Quantitative reversed-phase high-performance liquid chromatography of major and modified nucleosides in DNA.

Improved, highly accurate high-performance liquid chromatographic methods for the measurement of the major and modified nucleosides in enzymatic digests of DNA using a single column are described. Four high resolution separation protocols (isocratic, binary, ternary and high speed) with specifically improved selectivity for 5-methyldeoxycytidine (m5dCyd) from Ade, dIno and Guo are presented. From a detailed study of the various factors contributing to the precision and accuracy of the measurement, optimized conditions and quantitative protocols were established. The ternary buffer allows for the first time the determination of N6-methyldeoxyadenosine (m6dAdo) in the same chromatographic analysis with the other deoxyribonucleosides. The binary system allows quantitation of the absolute amounts of each ribo- and deoxyribonucleoside as well as the mole % of each as the second buffer elutes 5'dA and the internal standard 8-bromoguanosine.

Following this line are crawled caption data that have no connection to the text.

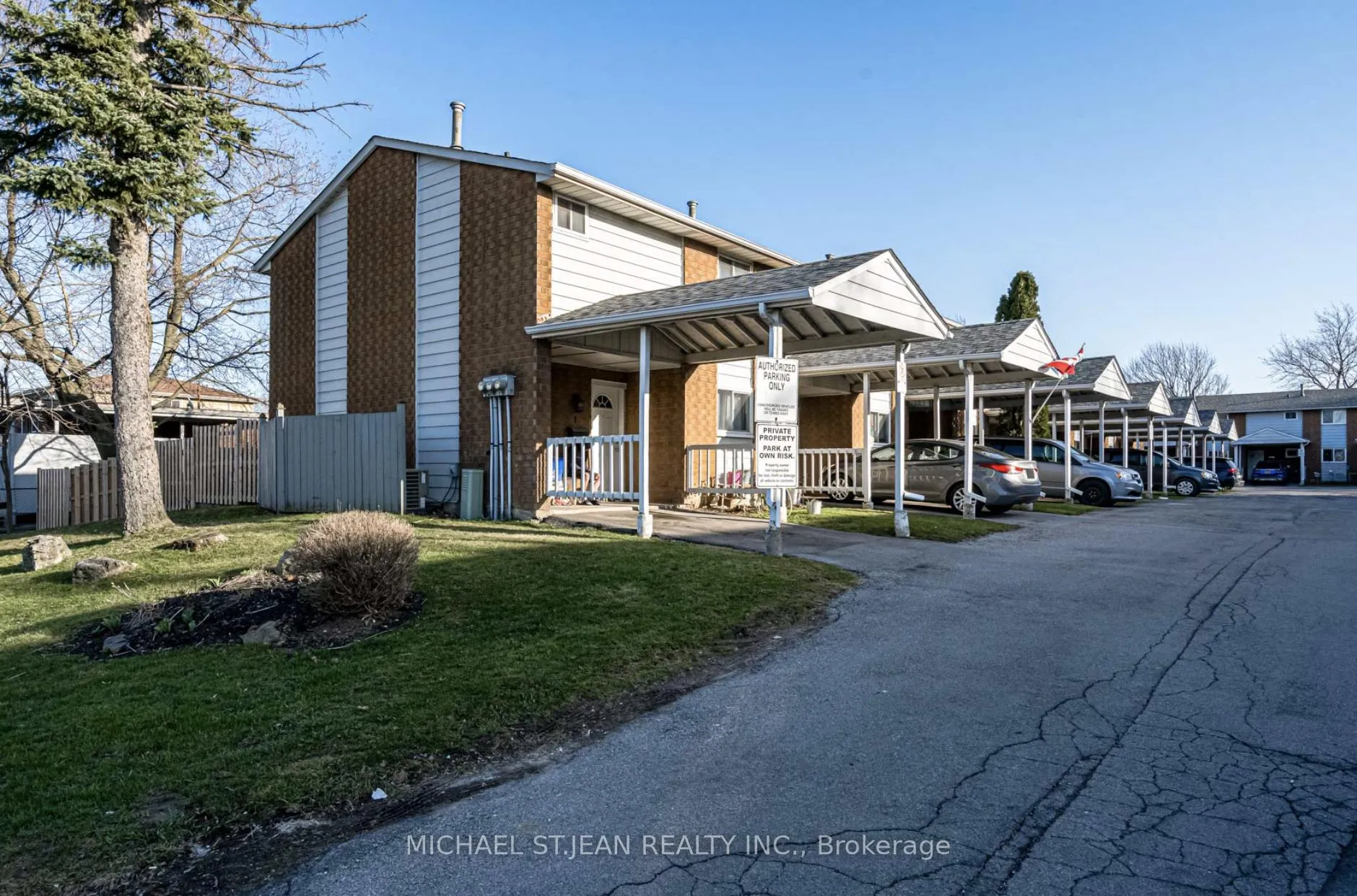 Photo 2 of 125 Limeridge Road W, Hamilton, Rolston — HOMEH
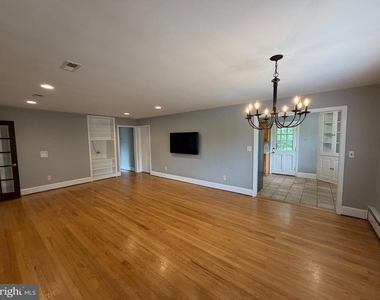 1539 Easton Lane - Photo Thumbnail 19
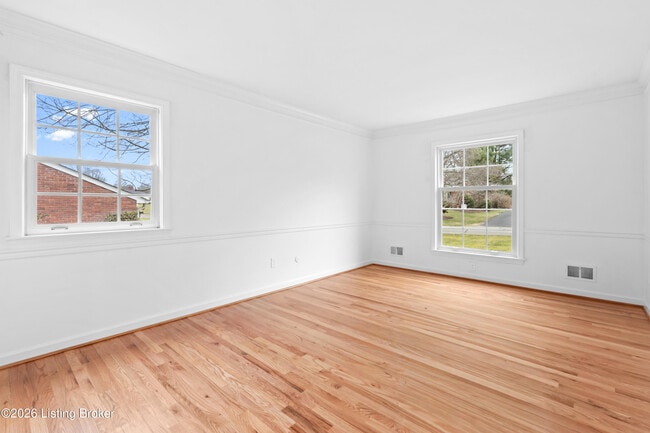 Building Photo - 2102 Northfield Dr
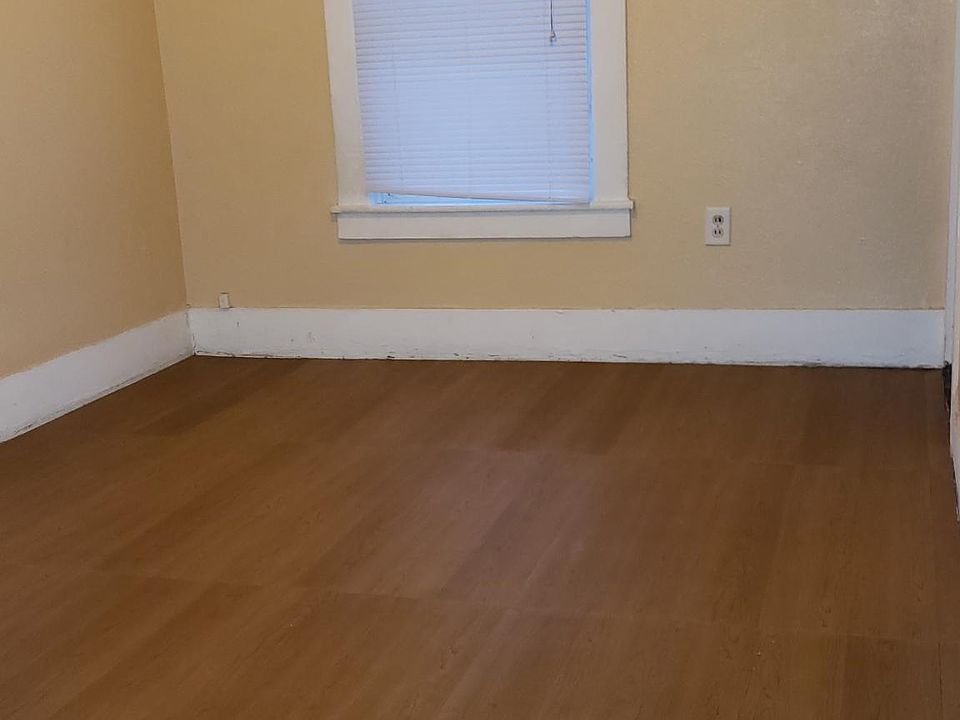 2nd image of 525 5th Ave SE #1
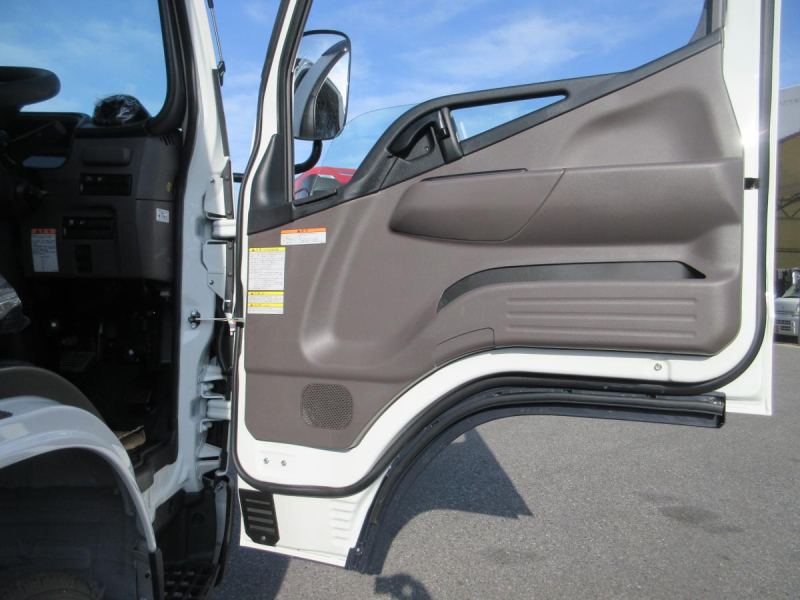 積載3トン ショート 高床 平ボデー 5速ミッション !!|中古トラックの販売・買取・査定のアイナビ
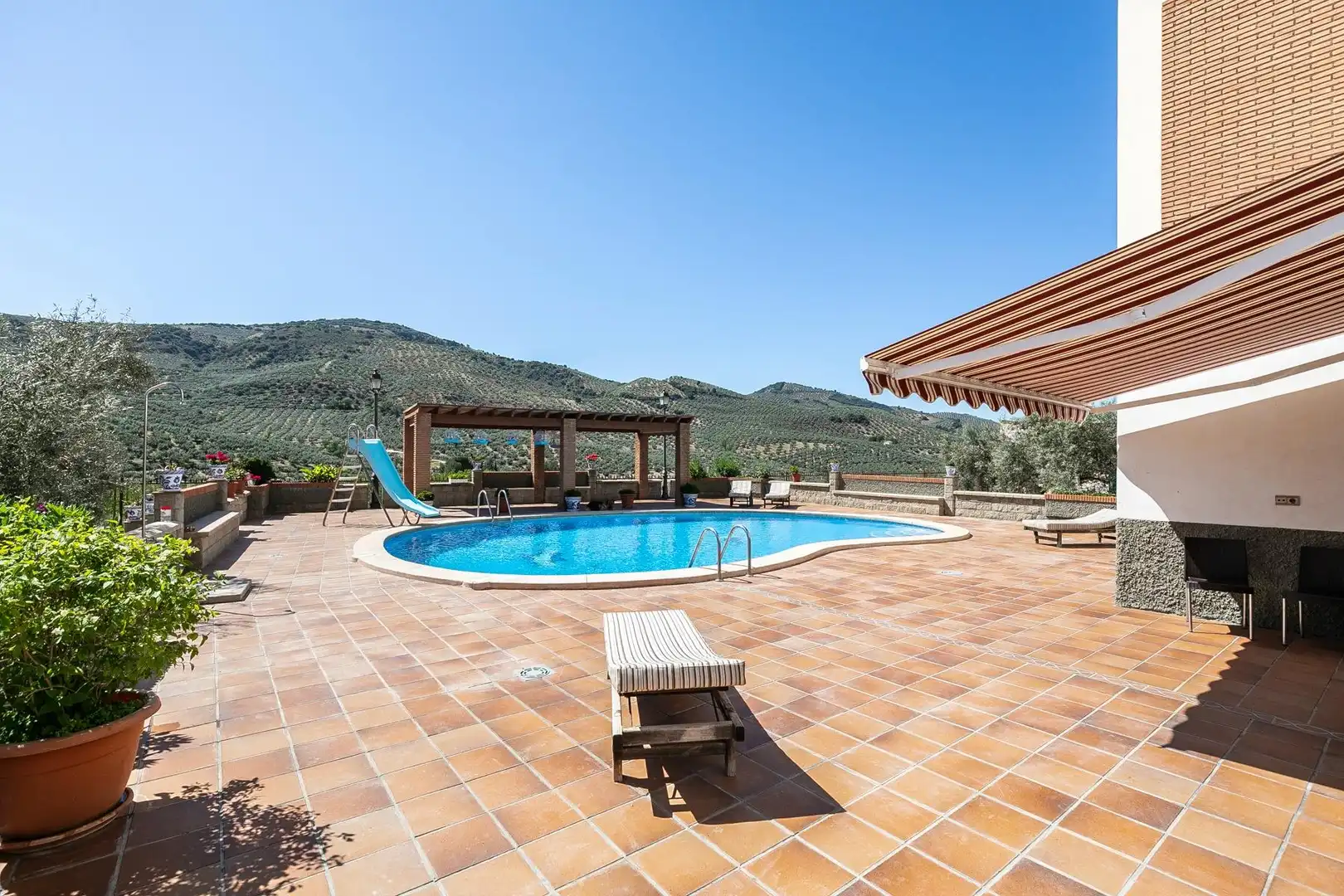 Piscina de Finca rústica en venta en Montefrío con Calefacción, Jardín privado y Terraza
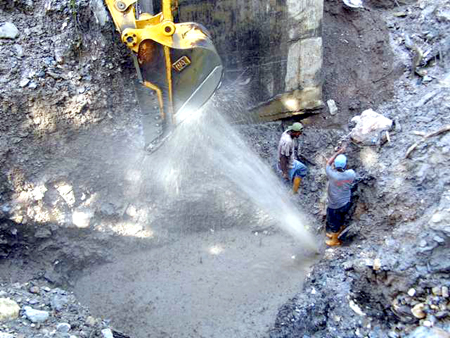 Hidrocapital reparó las fugas de agua al margen de la Autopista Gran Mariscal de Ayacucho
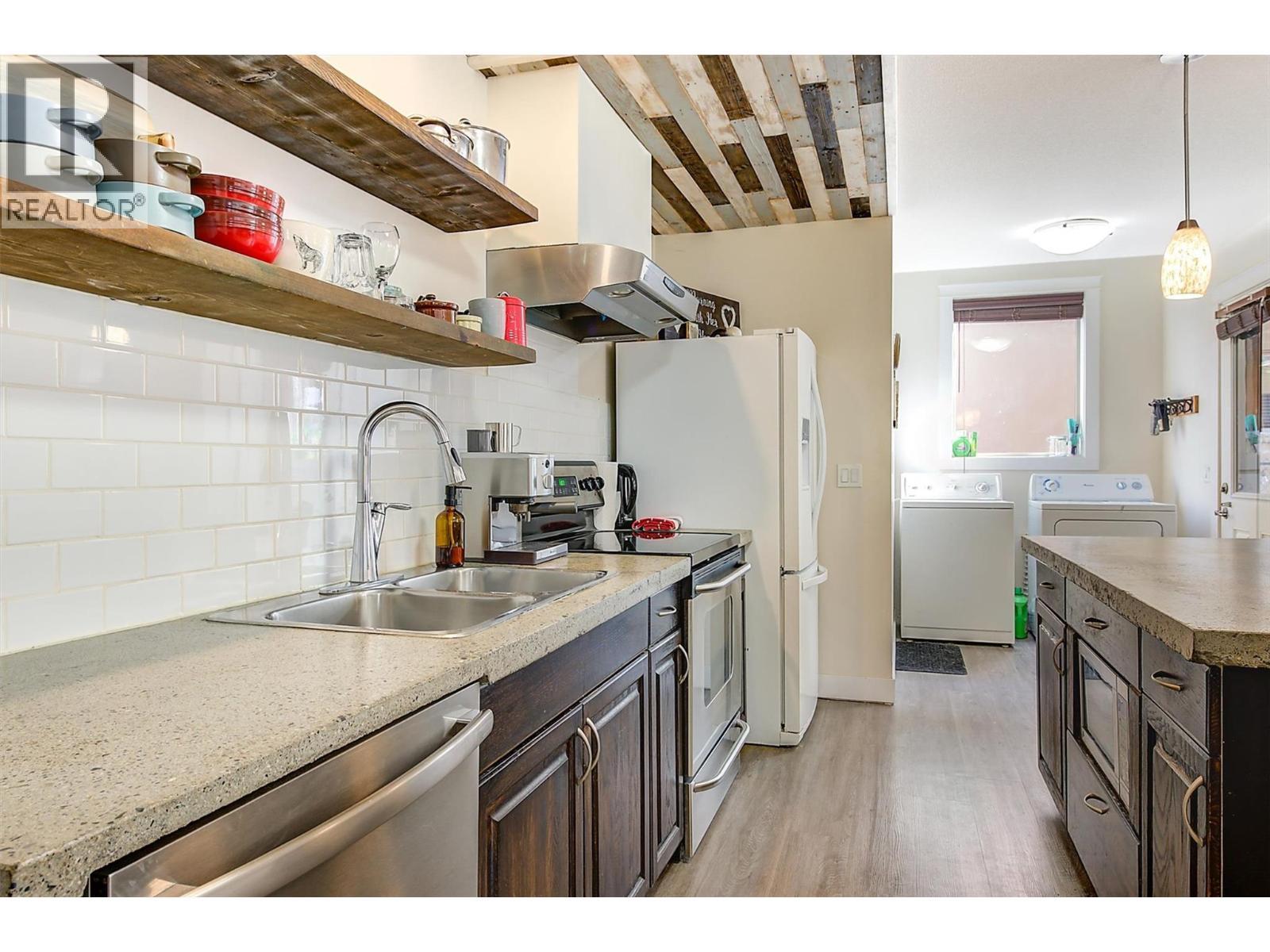 737 Kuipers Crescent. Kelowna, British Columbia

The isocratic system allows precise quantitation of the mole % of each ribo- and deoxyribonucleoside while eliminating the need for buffer change valves, buffer cycling and column re-equilibration. Also, a high-speed isocratic system is described which permits separation of the deoxyribonucleosides in 6 min. The quantitative, enzymatic hydrolysis of DNA was evaluated by comparing a 40-h, three-enzyme system with a 4-h, two-enzyme procedure. The latter protocol proved to be an excellent hydrolysis method. These high resolution liquid chromatography techniques provide the most precise, sensitive and accurate measurement of m5dCyd available, in a straightforward method using as little as 1 microgram of DNA, and have allowed us to demonstrate: the existence of tissue-specific differences in levels of m5dCyd in DNA of humans, monkeys, rats and mice; that m5dCyd levels in DNA change during fetal development; that genomic undermethylation of DNA is correlated with cancer and the presence of m6dAdo in DNA of thermophilic organisms.